- **Problem to work on**: The answer is to be the lines below that lie between the line holding "Middle Floor Apartment bilde 9" and the line holding "Illustration of how", inclusive, transcribed exactly and free of pictures.

- **Data records**:
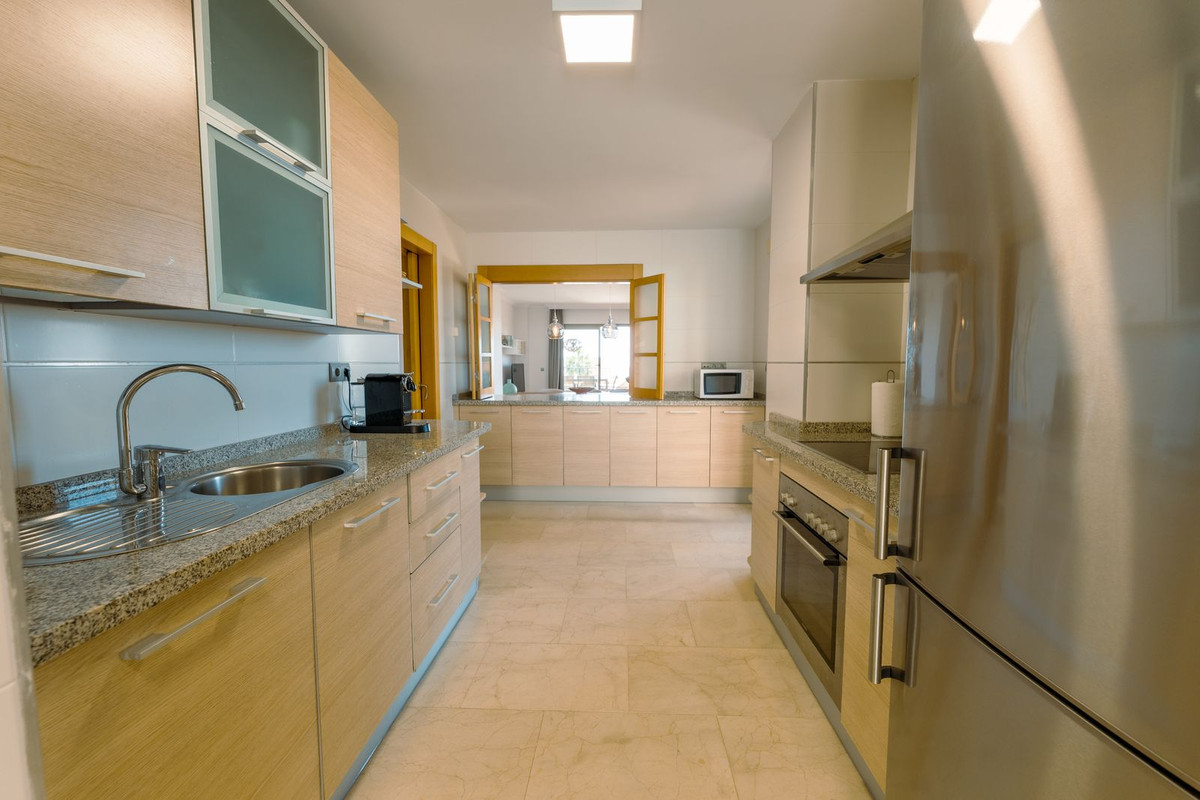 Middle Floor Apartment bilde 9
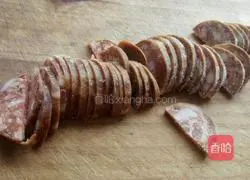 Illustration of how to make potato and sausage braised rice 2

...

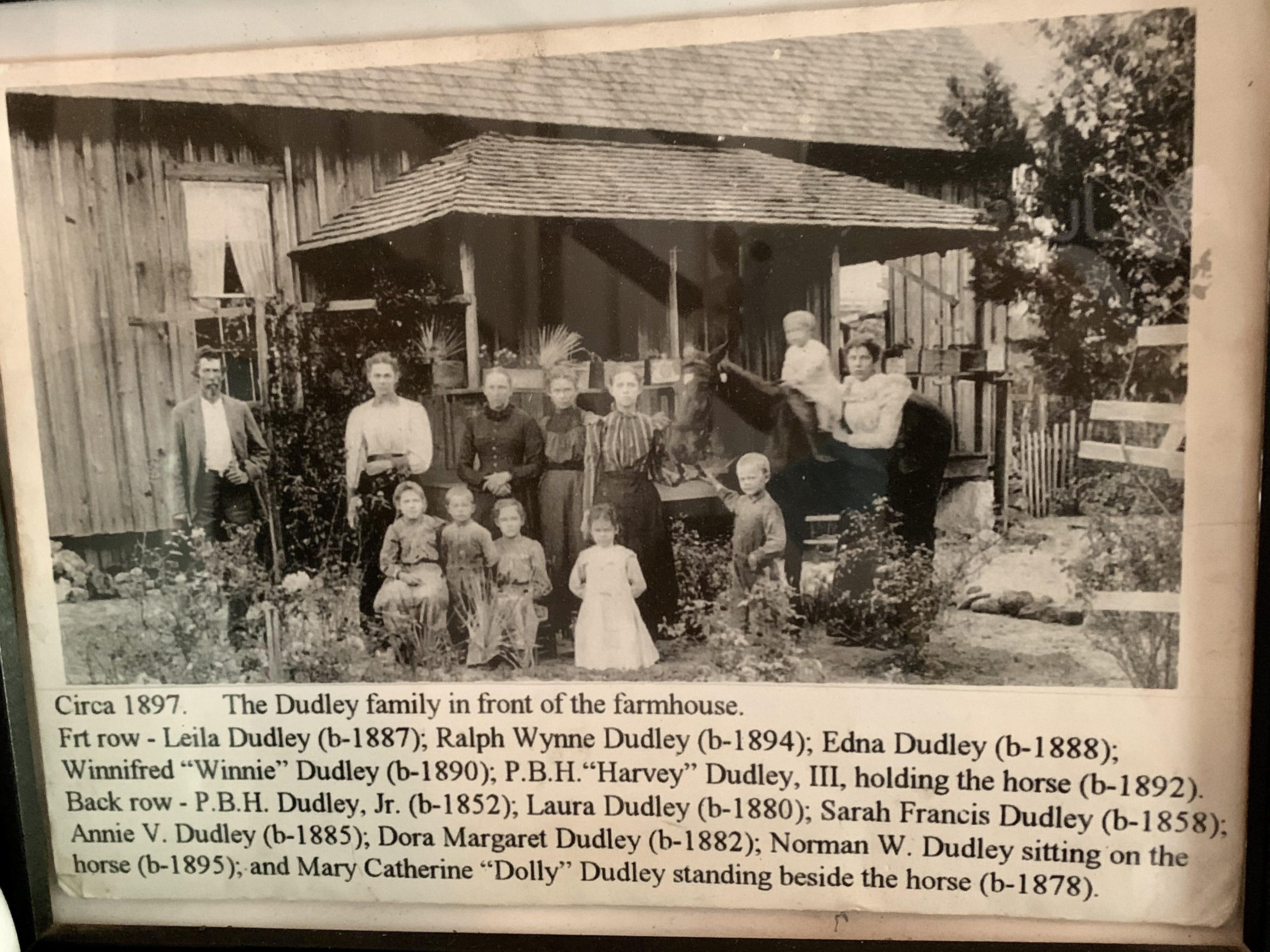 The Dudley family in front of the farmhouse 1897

- **Written answer**:
 Middle Floor Apartment bilde 9
 Illustration of how to make potato and sausage braised rice 2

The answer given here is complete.